Loop diagrams can therefore be omitted in a first approximation
TWO SMALL EXERCISES, FOR THE FUN
Using the Feynman rules above, let us draw all gluon + gluon to top+antitop Feynman diagrams.
Hint: there are several dominant diagrams and they all contain two strong interaction vertices.
And the answer is here. You need to click to find it.
The important point to notice here is that the position of the 4 particles in the diagram is fixed and cannot be changed.
And now for the fun, a challenge. Could you draw all diagrams for the gluon + gluon to top+antitop+Higgs process?
Hint: the dominant diagrams contain 2 strong interaction vertices and one electroweak vertex with a Higgs (the brown guys in the Feynman rule table above). You can try to answer the challenge by commenting this post.
PROTON COLLISIONS
At the Large Hadron Collider, we are colliding very energetic protons. In this case, it is the proton constituents that interact, the proton being broken into pieces.
In my bestiary post, I have described the proton as made of two up and one down quarks. This picture does not hold at high energy.
The proton is a dynamical object where gluons are exchanged between quarks (they strongly interact with each other) and possibly converted into a fresh quark-antiquark pair.
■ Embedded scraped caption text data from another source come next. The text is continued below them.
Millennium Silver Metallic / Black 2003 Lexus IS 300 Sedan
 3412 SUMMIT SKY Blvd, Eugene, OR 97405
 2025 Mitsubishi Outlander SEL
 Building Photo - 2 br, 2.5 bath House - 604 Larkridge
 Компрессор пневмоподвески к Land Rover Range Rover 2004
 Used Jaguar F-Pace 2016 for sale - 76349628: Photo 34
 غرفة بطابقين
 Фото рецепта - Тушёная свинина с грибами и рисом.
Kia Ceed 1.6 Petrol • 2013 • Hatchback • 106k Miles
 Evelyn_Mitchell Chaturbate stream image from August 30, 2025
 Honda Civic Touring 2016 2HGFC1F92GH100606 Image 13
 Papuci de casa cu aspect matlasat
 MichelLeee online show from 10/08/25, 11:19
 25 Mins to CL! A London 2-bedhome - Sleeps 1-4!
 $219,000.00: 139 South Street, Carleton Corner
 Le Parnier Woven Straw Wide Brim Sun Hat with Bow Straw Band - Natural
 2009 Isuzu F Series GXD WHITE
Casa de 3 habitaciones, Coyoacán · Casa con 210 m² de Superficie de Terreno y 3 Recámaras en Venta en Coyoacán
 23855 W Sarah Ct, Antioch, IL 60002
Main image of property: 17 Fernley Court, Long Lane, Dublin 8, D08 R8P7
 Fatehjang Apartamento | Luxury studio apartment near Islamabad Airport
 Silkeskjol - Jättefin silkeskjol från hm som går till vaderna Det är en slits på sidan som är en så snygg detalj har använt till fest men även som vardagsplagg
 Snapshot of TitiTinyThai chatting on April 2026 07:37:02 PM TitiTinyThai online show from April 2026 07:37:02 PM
This is represented in the figure above.
When drawing the Feynman diagrams associated with a proton-proton collision process, one must hence consider all possible initial state made of any two of the proton constituents (up, down, strange, charm, bottom, gluons) and sum them over.
ALGORITHMS, COMPUTER CODES, AND MYSELF RELOADED
To perform a cross section calculation (which is the sigma in the equation at the very top of this post), we:
- Define all possible subprocesses with different initial states (in the case of a proton-proton collision).
- Draw all possible Feynman diagrams for each subprocess.
- Replace the Feynman diagrams by their analytical expression that originates from the Feynman rules.
- Calculate the integral.
All these steps are very suitable for computers and one could design an algorithm that takes care of that.
There are several programs on the market that allows you to do it. All these programs are free and can be downloaded from the web (one example here).
The level of automation of these codes is such that it is sufficient to type in the process of interest, press enter and wait. After a couple of seconds, thousands of LHC collisions can be simulated into all their nasty details and analyzed.
And developing theses codes is part of my work. To make a ten-years story short, I have developed with a couple of colleagues and friends a comprehensive way to change the particle physics model (which is the same as using another table of Feynman rules) and to analyze the simulated collisions.
SUMMARY
In this post, I have introduced the concept of Feynman diagrams and Feynman rules and have shown how they can be linked to practical calculations. I have also described how to use them through some examples.
I hope you had as much fun in reading this post as me in writing it.